7 Maggio 2017 , Scritto da Valentino Appoloni Con tag #valentino appoloni, #recensioni, #fantascienza

 

 

Lo scrittore Cormac McCarthy ci offre un intenso e direi attuale romanzo.

All'indomani di una distruzione immane (forse nucleare), il mondo è ridotto a pura desolazione; i sopravvissuti si aggirano impauriti e affamati, pronti a uccidersi e anche a mangiarsi.

Padre e figlio, protagonisti del libro, si muovono a piedi verso Sud, verso l'oceano; cercano cibo, un clima più decente, una via di fuga dai tanti pericoli. Intorno ci sono le macerie di città vuote, supermercati saccheggiati, auto piene di cadaveri. Un'aria fredda e piena di cenere opprime i pochi vivi.

Il senso di angoscia è accentuato dall'assenza di nomi; le città e le persone sembrano non averli più. Ora c'è solo un grande nulla, un vuoto di senso, un indistinto squallore in cui nemmeno i due protagonisti hanno un nome. Per il poeta Rilke l'uomo è superiore a ogni specie perché ha la parola e può nominare le cose dando sostanza e stabilità al mondo. Ora tutto invece è precario, l'uomo innanzitutto. Viaggiano tra mille peripezie, a piedi come viandanti di epoche lontane, in una modernità di cui restano solo le ormai inutili strutture materiali che cingono un degrado totale, come enormi carcasse di metallo e cemento.

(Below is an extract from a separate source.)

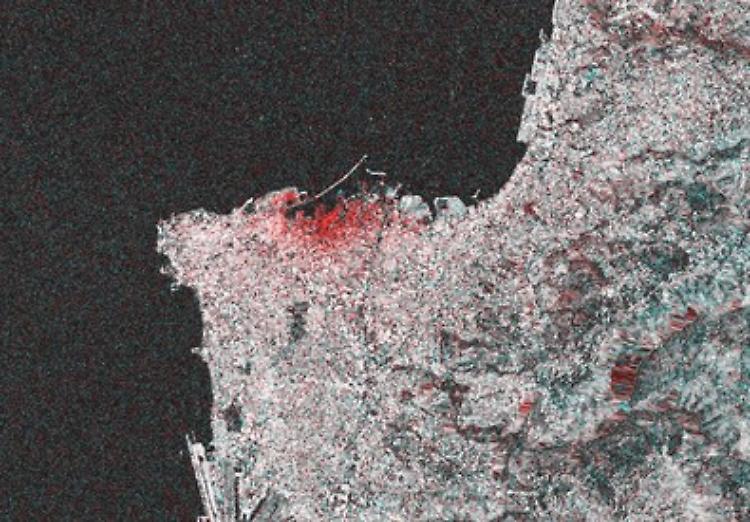 Beirut, danni su 4 chilometri quadrati fotografati dallo spazio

È un libro denso di immagini cupe e di sogni atroci; non esistono autorità, si è all'homo homini lupus; le peggiori visioni degli antichi profeti trovano conferma nell'Apocalisse che i sopravvissuti subiscono. Eppure vanno avanti, spingendo un​ carrello di supermercato con qualche coperta e un po' di cibo; se troveranno altri "buoni" come loro forse ci sarà ancora un futuro. Per ora si è al capezzale dell'umanità. Noi siamo i buoni, noi portiamo il fuoco, ripete il ragazzino cercando l'assenso del padre, in una involontaria allusione al mito di Prometeo che portò civiltà e tecnica tra gli uomini. Sono loro due la riserva etica di un mondo senza luce, precipitato in una specie di età della pietra dove chi ha un accendino o una pistola può sopravvivere più di altri. Ma servono anche speranza e solidarietà tra gli uomini, per andare oltre un individualismo infecondo. La vicenda scorre su binari tristi, ma forse resta qualche residua possibilità di salvezza dato che c'è ancora un bambino che si fa raccontare le favole dal genitore e crede che si possa uscire dalla desolazione. La distruzione dei luoghi potrebbe non aver annientato i cuori di tutti. Cercando altre persone perbene, come vorrebbe fare il bambino e recuperando il senso della comunità, qualcosa potrà risorgere. Resta il pensiero che l'individualismo selvaggio del mondo descritto nel libro abbia qualche legame con l'individualismo diffuso nei tempi moderni, nei quali il consumismo costante è la colonna sonora del vivere. Non a caso gli affamati e sofferenti protagonisti del libro spingono un carrello di supermercato, residuo rumoroso dell'epoca dello spendere incontrollato. Peraltro il romanzo​ è incentrato principalmente sul rapporto padre-figlio e sul bisogno di sopravvivere, lasciando sullo sfondo l'approfondimento delle cause della catastrofe in cui sono precipitati.

La parte finale del romanzo lascia comunque trasparire qualche lieve segno di luce, anche se l'aria fredda e sporca efficacemente descritta in tante pagine non induce all'ottimismo.